◆ Exercise instructions
Write the entries out exactly. Any images they hold stay out of the copy.

Data entries
<<<<

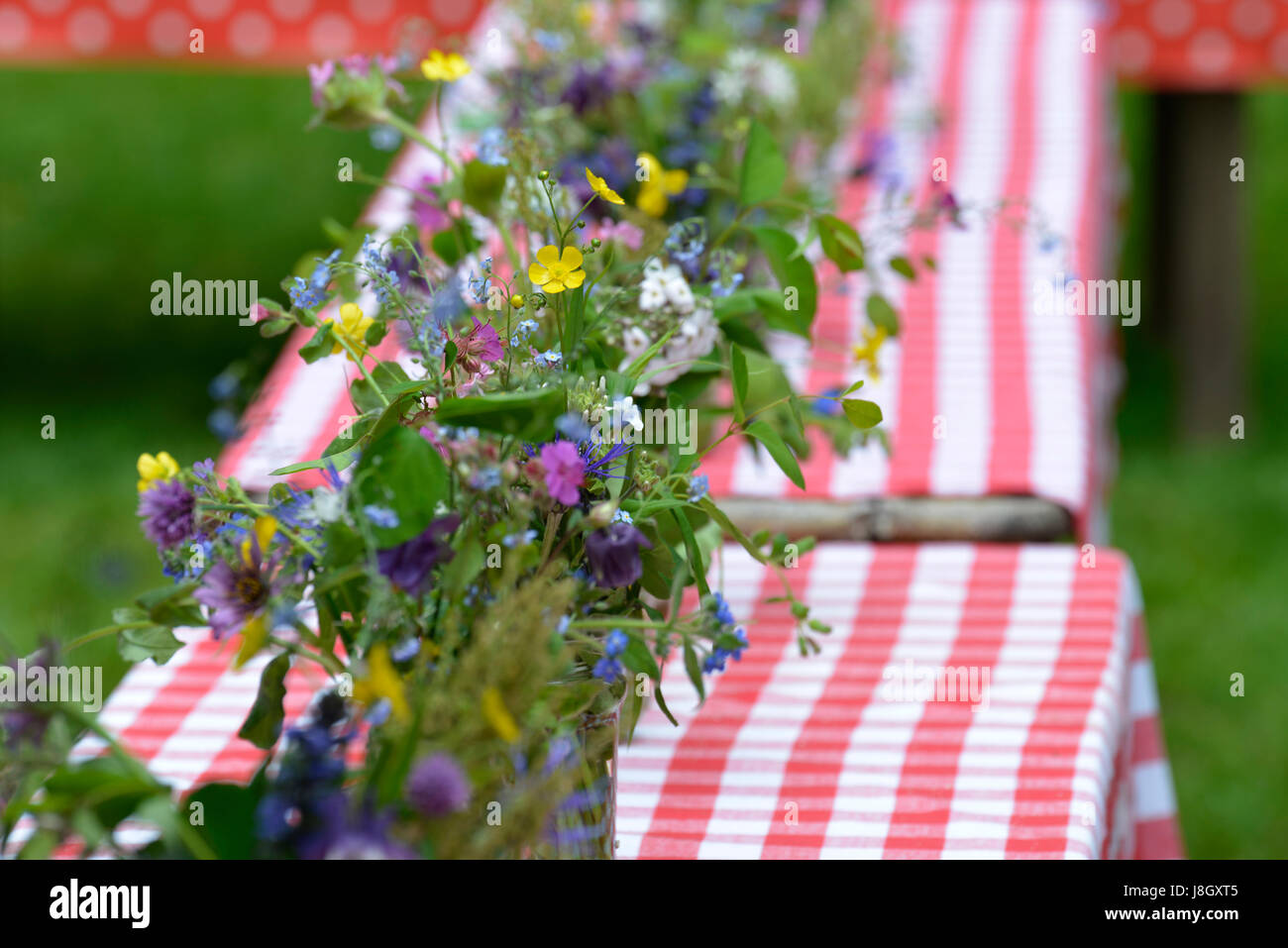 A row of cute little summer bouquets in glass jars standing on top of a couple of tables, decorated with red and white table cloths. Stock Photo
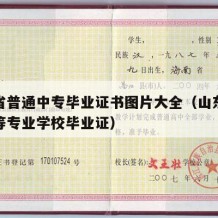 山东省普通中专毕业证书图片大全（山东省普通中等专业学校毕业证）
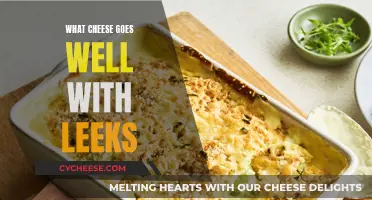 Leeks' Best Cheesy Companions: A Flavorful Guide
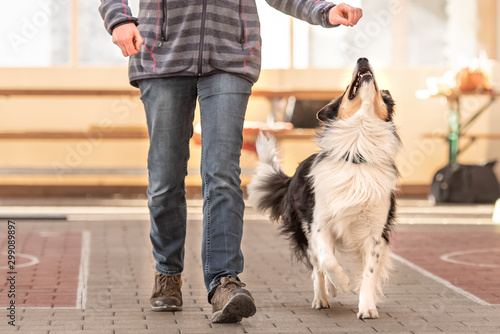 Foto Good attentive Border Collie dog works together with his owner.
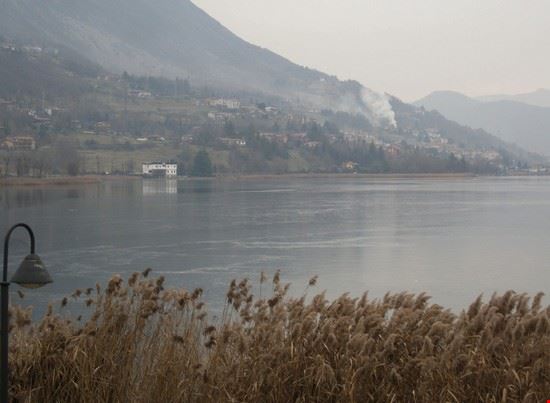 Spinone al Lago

>>>>

◆ Task answer
 A row of cute little summer bouquets in glass jars standing on top of a couple of tables, decorated with red and white table cloths. Stock Photo
 山东省普通中专毕业证书图片大全（山东省普通中等专业学校毕业证）
 Leeks' Best Cheesy Companions: A Flavorful Guide
 Foto Good attentive Border Collie dog works together with his owner.
 Spinone al Lago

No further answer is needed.